Luxor has been kind to me so far. I’ll start teaching English in a week or so, and can expect an Italian girl and soon-to-be teacher to arrive on the 30th and accompany me in the apartment. The school is run by a woman named Affaf, who has taken me under her wing. Her nephew, Hamada (a common nickname of Muhammad), is 27 and seems to be in a process of discovering himself outside Islam. He and Affaf both speak English well. Hamada’s a very open character, and takes it upon himself to answer all of my questions. Today the recurring one was “Where are all the women?” – They are nowhere to be found outside. He estimated 15% of Luxor women work. But work is different here, occurring mainly in the afternoon and evening and six days of the week. The school is open from 4-10 p.m. and Hamada typically doesn’t appear until 5. This is the norm in Luxor.

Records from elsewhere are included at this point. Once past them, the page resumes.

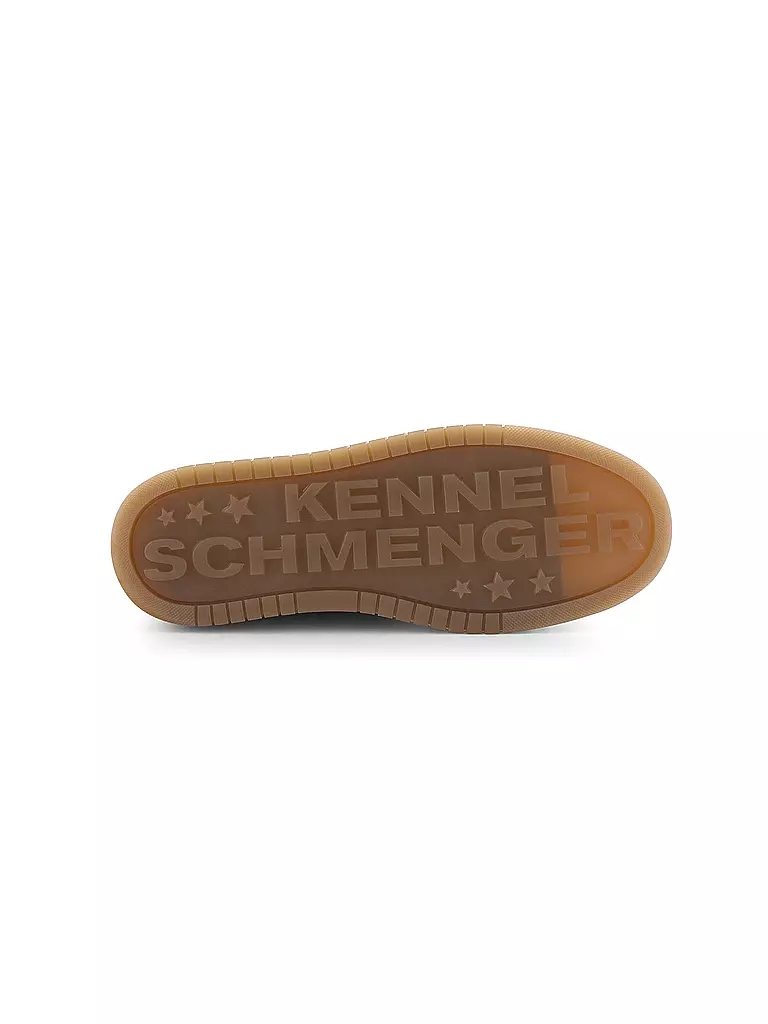 KENNEL & SCHMENGER | Sneaker | 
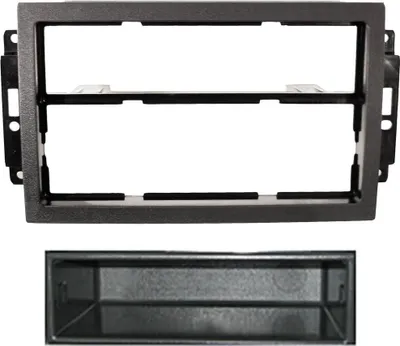 Obrázek produktu pro Autoleads FP-02-03 Adaptér pro autorádio...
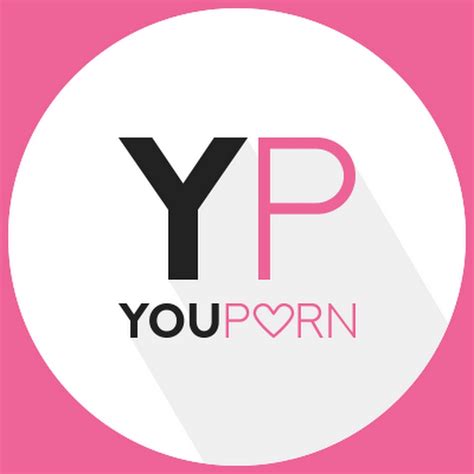 youporn comm average looking porn
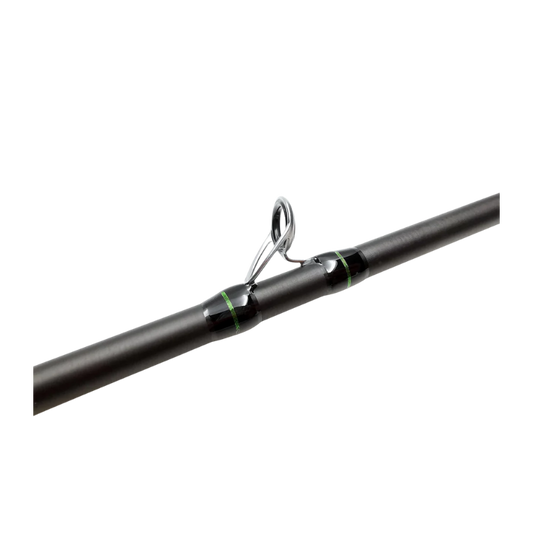 MUSTAD G-SERIES HYBRID ROD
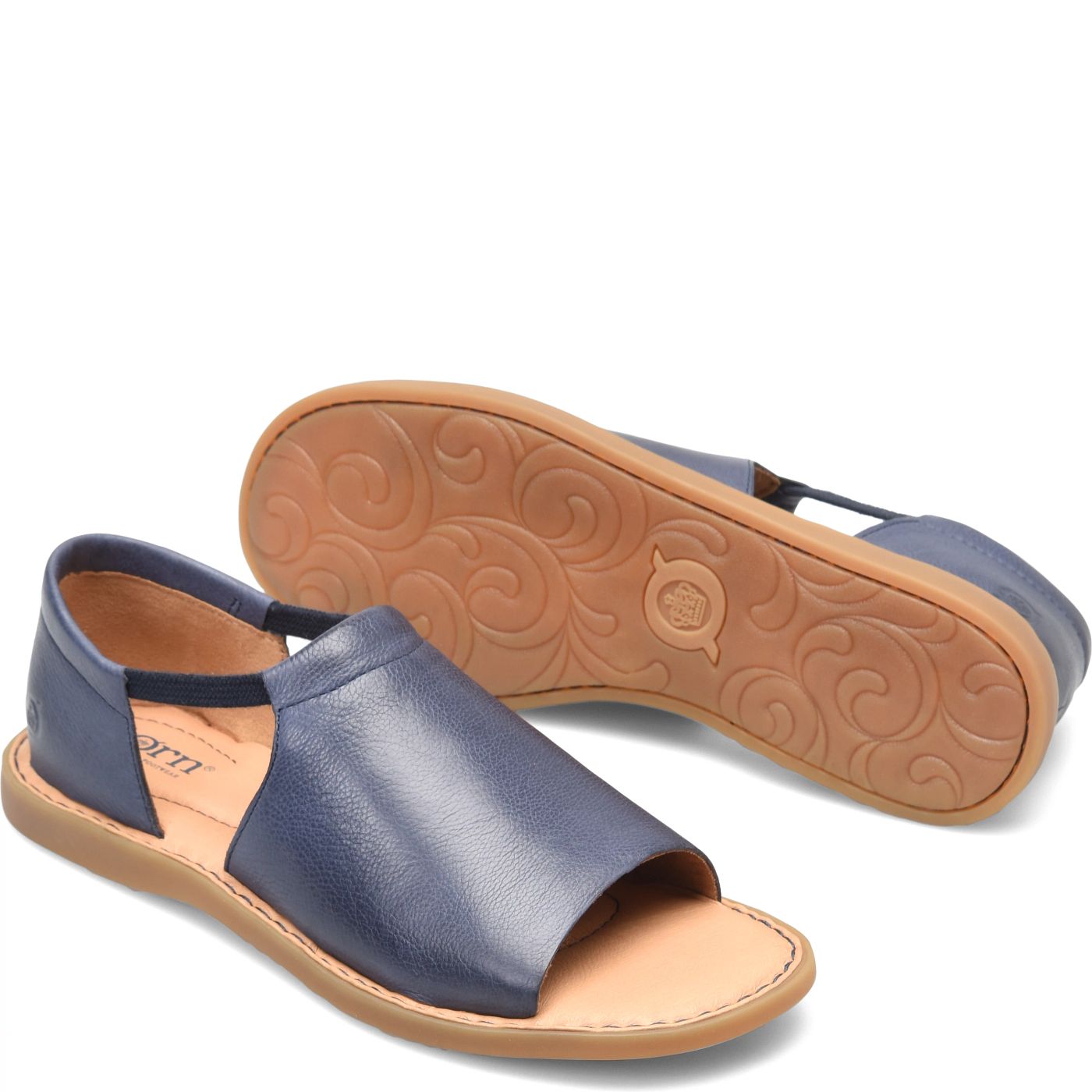 COVE SANDAL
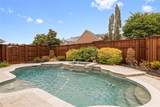 1658 Coldstone Drive - Photo 37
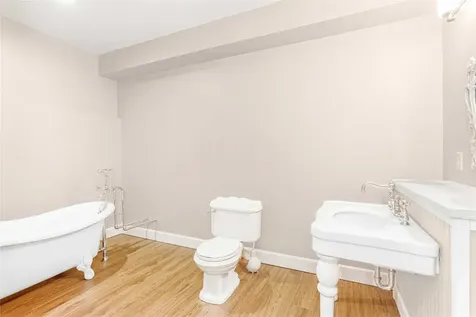 112 Bold Creek Trail Glenville NC 27836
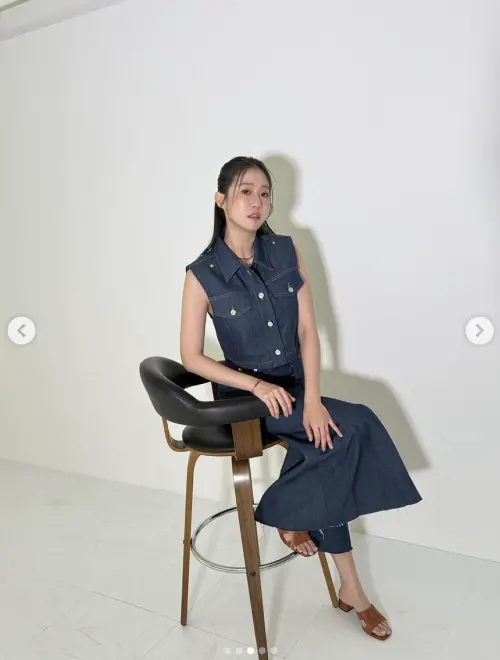 ▲方志友（如圖）17歲時參加《超級星光大道》發跡，19歲面臨爸爸離世。（圖／翻攝自方志友IG）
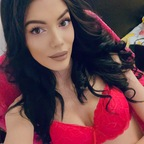Get Free access to @caitlyntyna12 Leaked OnlyFans 

 profile picture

I’m happy to report no harassment, save perhaps a glare this afternoon that had nothing to do with my sex or hair color. I had woken up and dressed a few minutes before Affaf knocked on my door. I opened it to find she was visibly upset, and asking me why I did not unlock the school at 4 p.m. as we had discussed the night before. I told her that I had let in the French teacher for her one-on-one appointment at 8 a.m. and assumed that it would remain “open” from then on. No. That’s not how it works. Apparently the school opens and closes throughout the day with changing class schedules. As Affaf explained this to me in a harsh tone, a man sitting behind her first smirked then glared at me and my unknowingness. I later found out he is from Azerbaijan and I will be teaching him mid-level English in the coming weeks.
The streets are never cleaned, except what shop owners decide to take on in their own areas. I’m covered in a permanent layer of sweat and dust. And apparently ants like peanut butter.
Almost forgot to explain the header: The electricity cuts in and out across the city at least five times a day. The British school teacher, Giorgina, told me it used to only happen once every two weeks, then once a day, now this. Glad to have brought so many flashlights, which I’ve gathered the school is unable to afford. Giorgina calls them torches, and says it’s what everyone in Britain calls flashlights. Anyway, Affaf put a bowl of water in my freezer before I arrived in case I should like to add it to a jug of drinking water at some point. It remained water last night as well as this morning.